Wenn Juan Alemann, 77, der ehemalige Schatzsekretär Argentiniens (1976–81), diese Zahlen hört, kommt ihm die Galle hoch. „Schauen Sie, die Wirtschaftsseiten, die ich zusammen mit meinem Bruder Roberto schreibe, das ist ein Dienst, den wir den deutschsprachigen Firmen hier liefern. Da steht praktisch alles drin, was man über die argentinische Wirtschaft wissen muss. Dafür erwarten wir, dass die Unternehmen uns unterstützen. Früher war das so, ja. Aber heute? Die Firmen sind nicht mehr großzügig. Die denken nicht mehr als deutsche oder Schweizer Unternehmen, die mit der deutschsprachigen Gemeinde verbunden sind.“

Wie ihn das ärgert!

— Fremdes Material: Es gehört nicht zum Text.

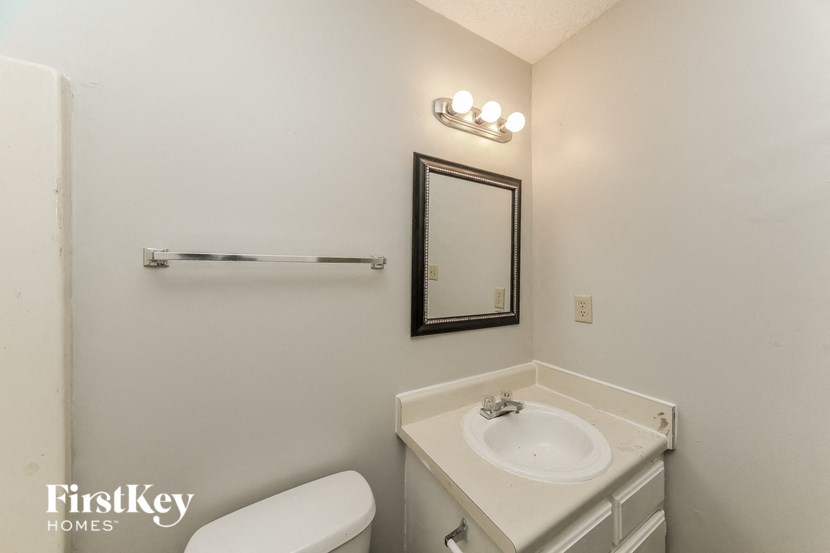 5848 Hickory Shadow Ln Studio House for Rent - Photo Gallery 13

Genauso wie die Sache mit der Militärdiktatur (1976–83), die seinen Bruder und insbesondere ihn – er war fünf Jahre Schatzsekretär, also eine Art Finanzminister – auf dem Höhepunkt des politischen Lebens sah. Mehr denn je wird heute in Argentinien über dieses dunkle Kapitel diskutiert. Mehr denn je wird versucht, die damals verantwortlichen Militärs vor Gericht zu bringen. Mehr denn je müssen sich auch Expolitiker wie Juan Alemann unliebsame Fragen gefallen lassen. „Wenn wir die Militärregierung nicht gehabt hätten, wären wir heute Kolumbien oder Kuba“, verteidigt sich Juan Alemann. Das Wort Diktatur vermeidet er. „No, no, no“, sagt er und wedelt mit dem Zeigefinger hin und her. „Die einzige Diktatur, die ich erlebt habe, war die unter Perón. Die Militärregierung war nur formell eine Diktatur. Die Justiz hat funktioniert, die Presse war frei, und die Einwohner wurden nicht belästigt.“

Die Einwohner wurden nicht belästigt? Und was ist mit dem „dirty war“, dem schmutzigen Krieg der Militärs, in dem zwischen 7.000 und 30.000 Menschen – eine genaue Zahl gibt es bis heute nicht – ums Leben gekommen sind? „Schauen Sie“, antwortet Juan Alemann, „die meisten von ihnen waren Terroristen. Die musste man bekämpfen und ausmerzen. Die These, dass es ein Kampf gegen Andersdenkende war, stimmt einfach nicht.“

Wie aufgeregt Juan Alemann hinter seinem Schreibtisch sitzt und akribisch die Waffe aufzeichnet, mit der 1979 ein Attentat auf ihn verübt wurde („105 Schüsse auf mein Auto, die Militärs sagten damals, es ist ein Wunder, dass ich noch lebe“). Vor nicht allzu langer Zeit gab es im argentinischen Fernsehen eine Dokumentation über die Fußball-Weltmeisterschaft 1978 in Argentinien, die gleichzeitig auch eine Dokumentation über den blutigen Krieg der Militärs war. Am Ende wurden Bilder vom jubelnden argentinischen WM-Star Mario Kempes überschnitten mit Bildern von argentinischen Müttern, die bis heute – fast 28 Jahre später! – nach ihren Söhnen suchen. Ob er Schuldgefühle habe wegen der vielen Toten? Das Interessante ist nicht, dass Juan Alemann die Frage klar und kurz verneint, sondern dass er vorher schlucken muss – wie jemand, der einen dicken Kloß im Hals hat. Den man irgendwie erwischt hat.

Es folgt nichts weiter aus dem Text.